## [Data extracted from a collection]
##########

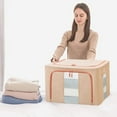 thumbnail image 1 of AZXY Blanket Storage Bags,Storage Bins for Clothes,Closet Organizer Bins,Cotton and Linen Foldable Clear Blanket Containers for Large Blankets with Lid Zipper Handle, 1 of 6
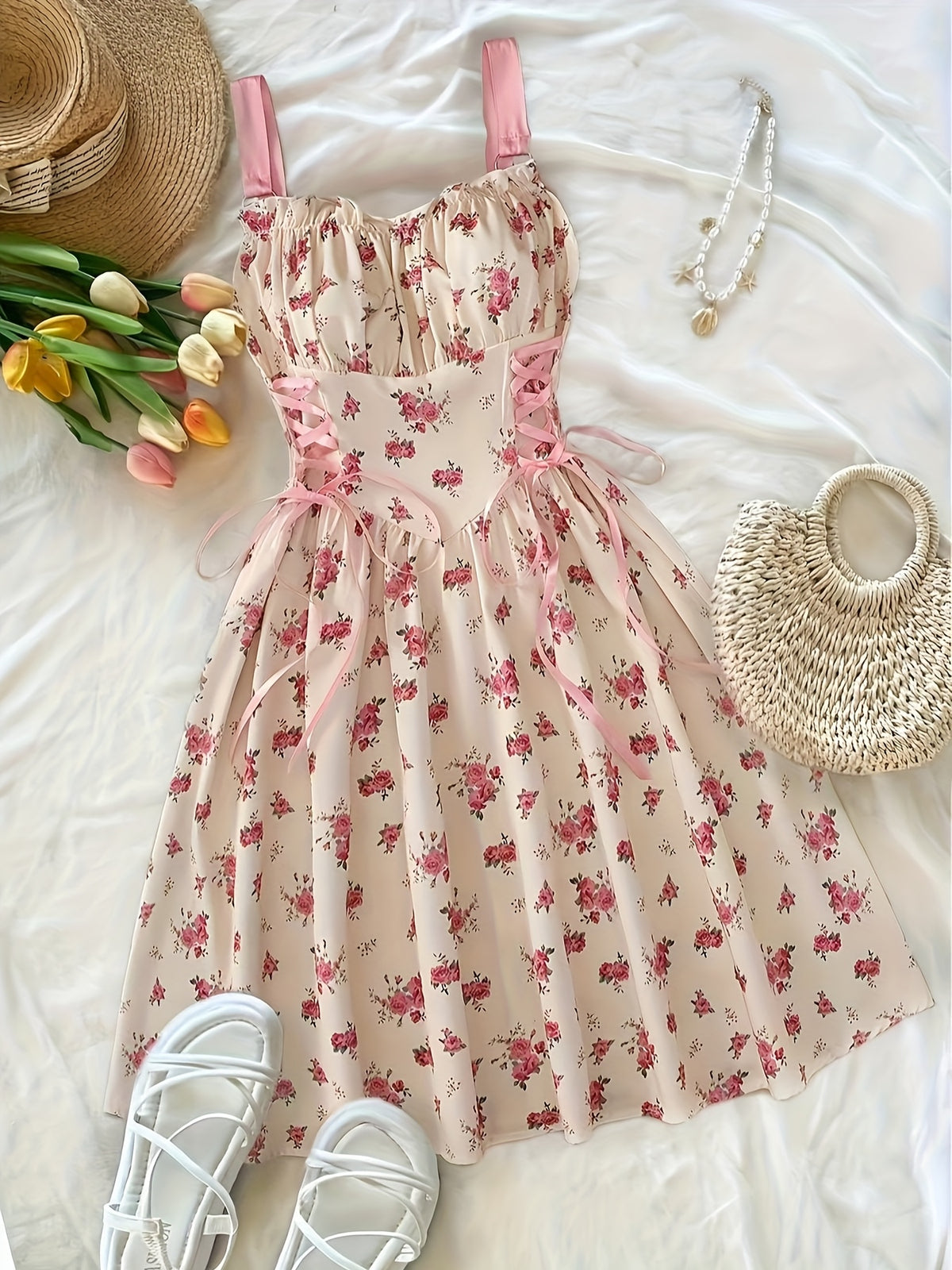 Elegant Floral Print O-Ring Decorated Front Pleated Stretchy Lace Waist Cross Tie Bow Strap Dress with a Back Zipper A-Line Flared Design, Perfect for Vacation And Seaside Elegant Parties - Pink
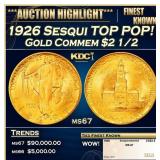 1926 Sesqui Gold Commem TOP POP! $2 1/2 ms67 SEGS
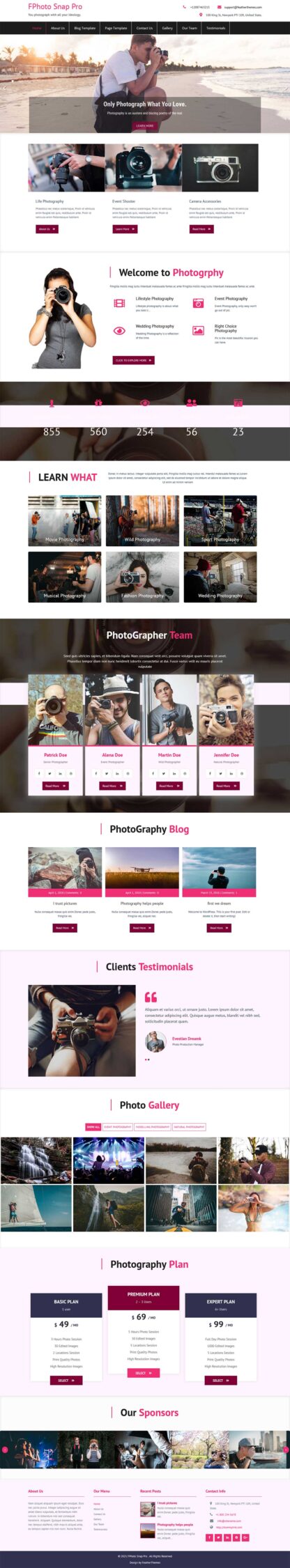 FPhoto Snap WordPress Theme - Photography Showcase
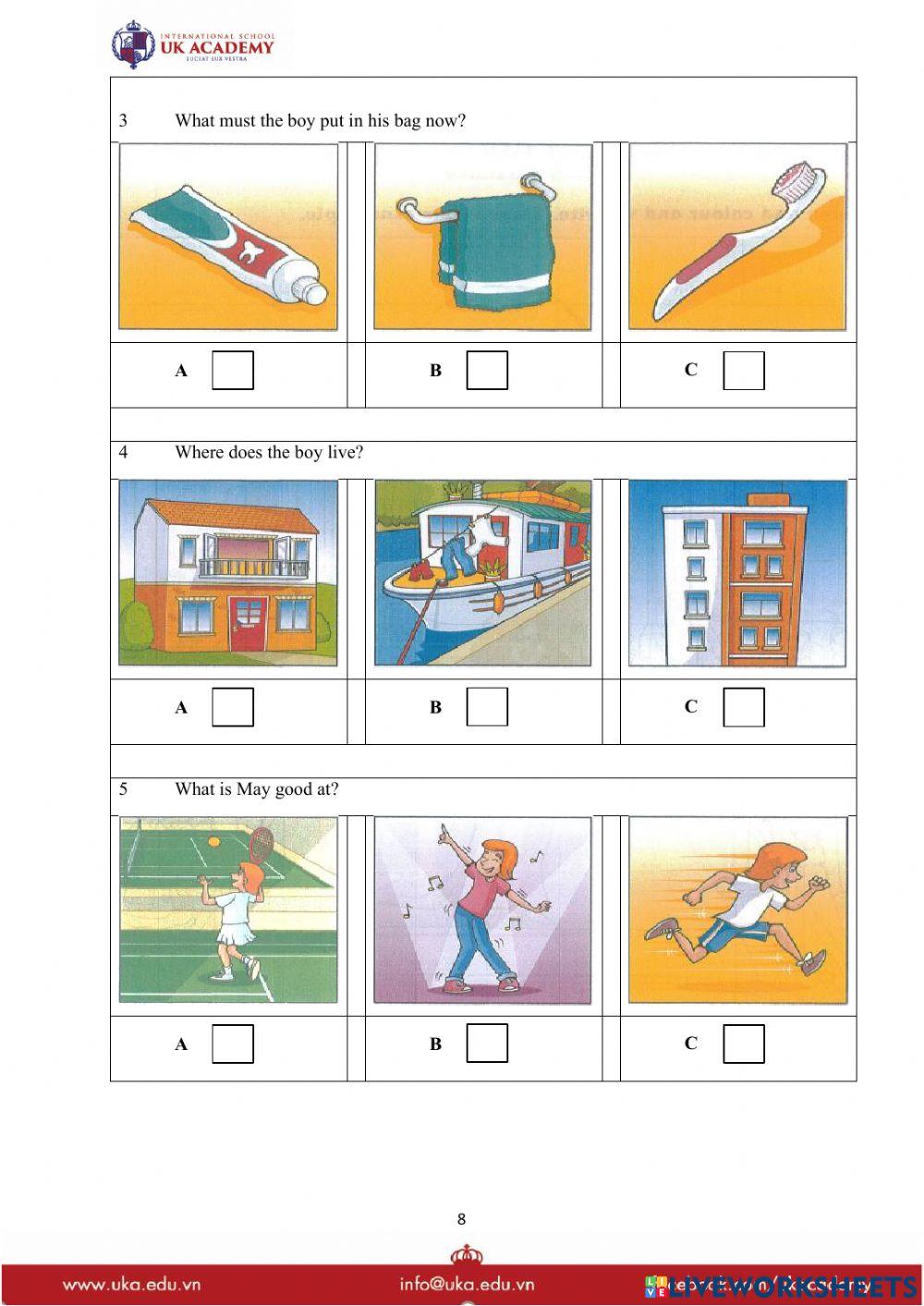 Mock test  grade 4 listening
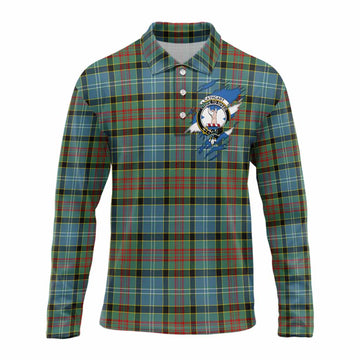 Cathcart Clan Crest In Me Tartan Long Sleeve Polo Shirt Scotland Flag Style
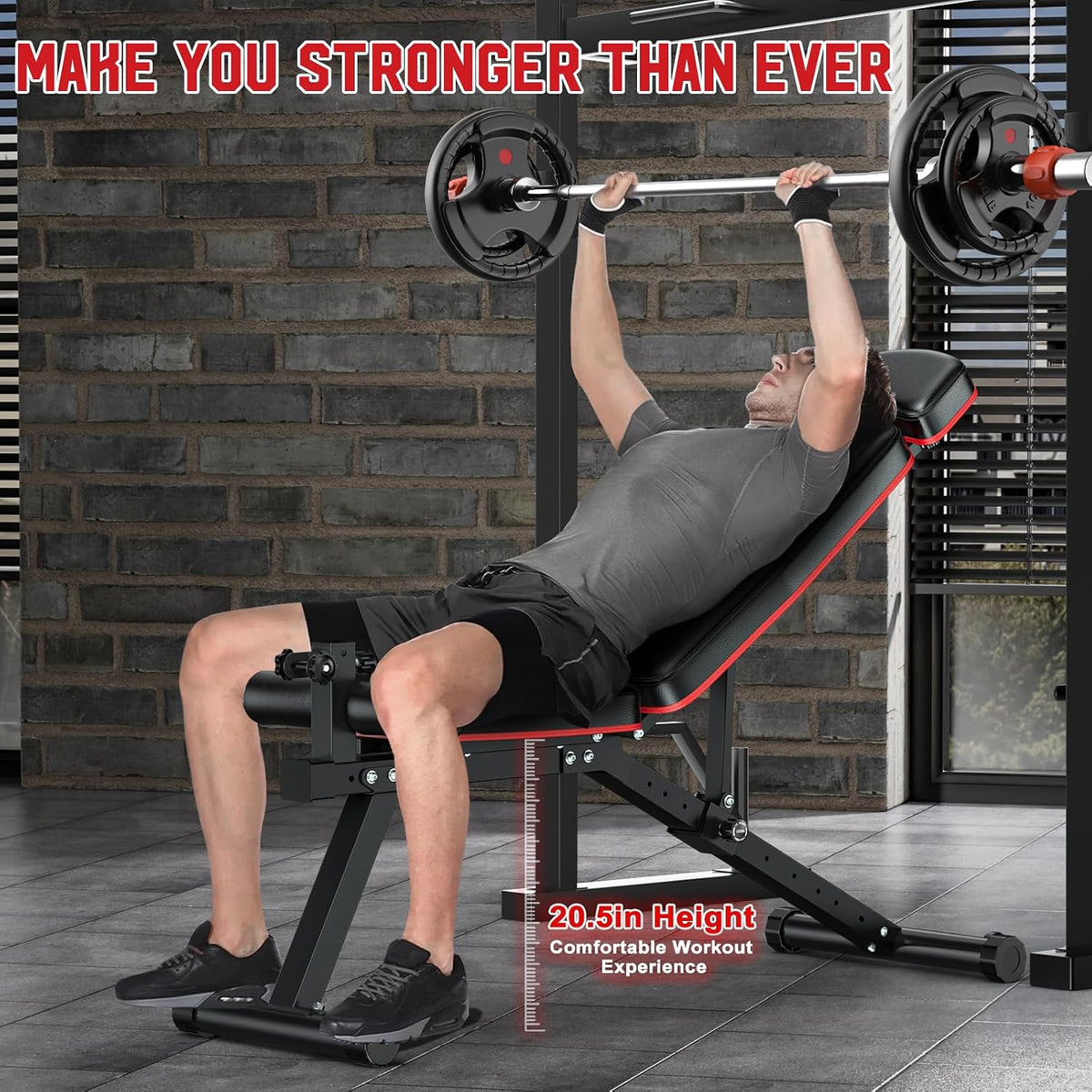 Workout Bench, Adjustable Weight Bench with Leg Extension and Leg Curl, Extended Headrest, 900LBS Preacher Curl Bench Incline Decline Flat Workout Bench for Home Gym Full Body Exercise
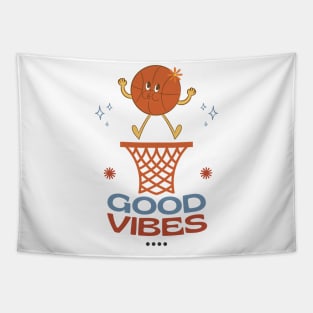 Retro Style Funny Basketball Art Tapestry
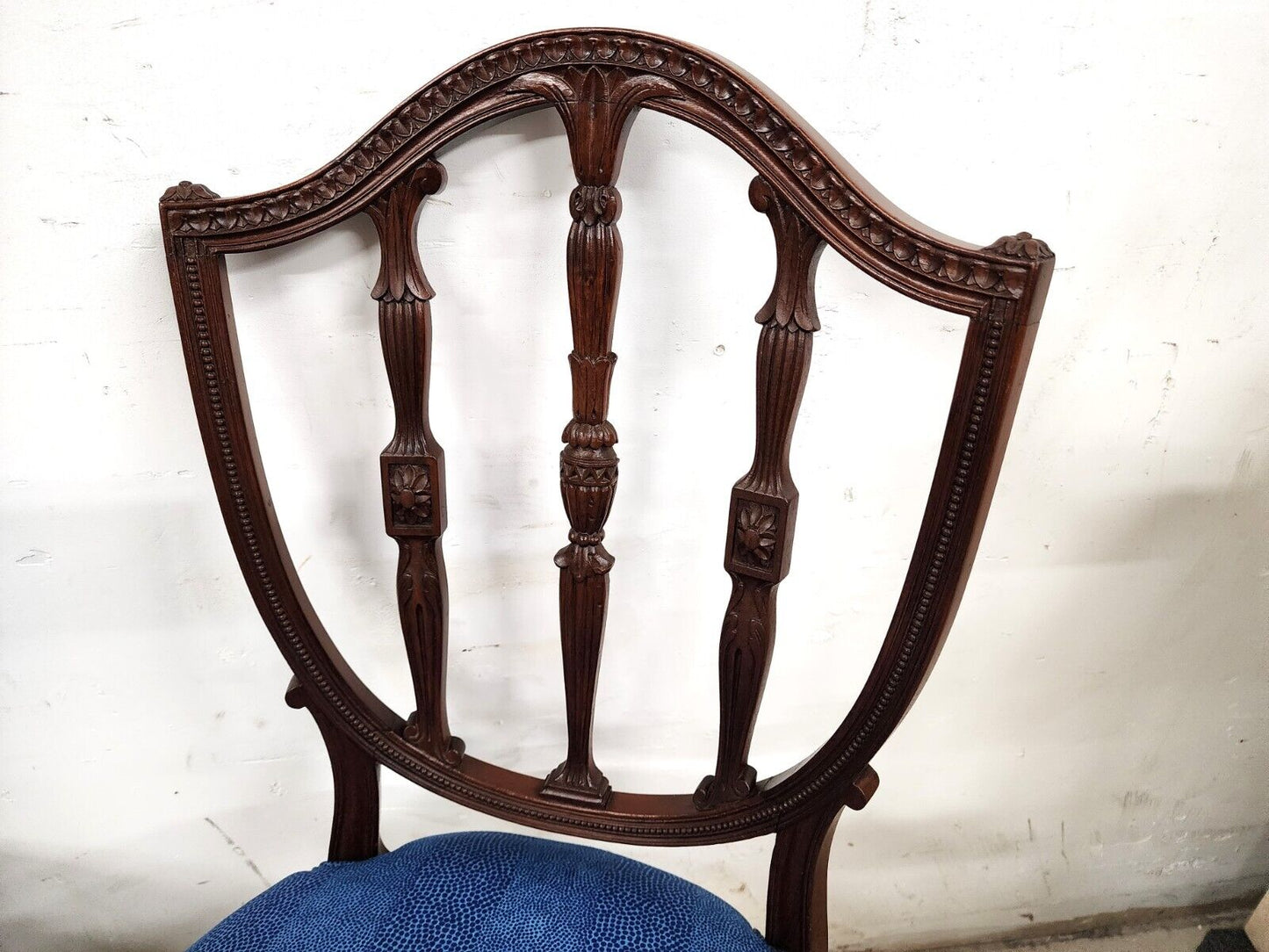 Antique George III Accent Side Chairs Shield Back Mahogany 19th Century Set of 2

##########

## [TASK OBJECTIVE]
Nothing but an exact copy is needed, covering the lines from the line with "grade 4 listening" through the last line of the entries, pictures excluded.

## [SOLUTION TO THE PROBLEM]
 Mock test  grade 4 listening
 Cathcart Clan Crest In Me Tartan Long Sleeve Polo Shirt Scotland Flag Style
 Workout Bench, Adjustable Weight Bench with Leg Extension and Leg Curl, Extended Headrest, 900LBS Preacher Curl Bench Incline Decline Flat Workout Bench for Home Gym Full Body Exercise
 Retro Style Funny Basketball Art Tapestry
 Antique George III Accent Side Chairs Shield Back Mahogany 19th Century Set of 2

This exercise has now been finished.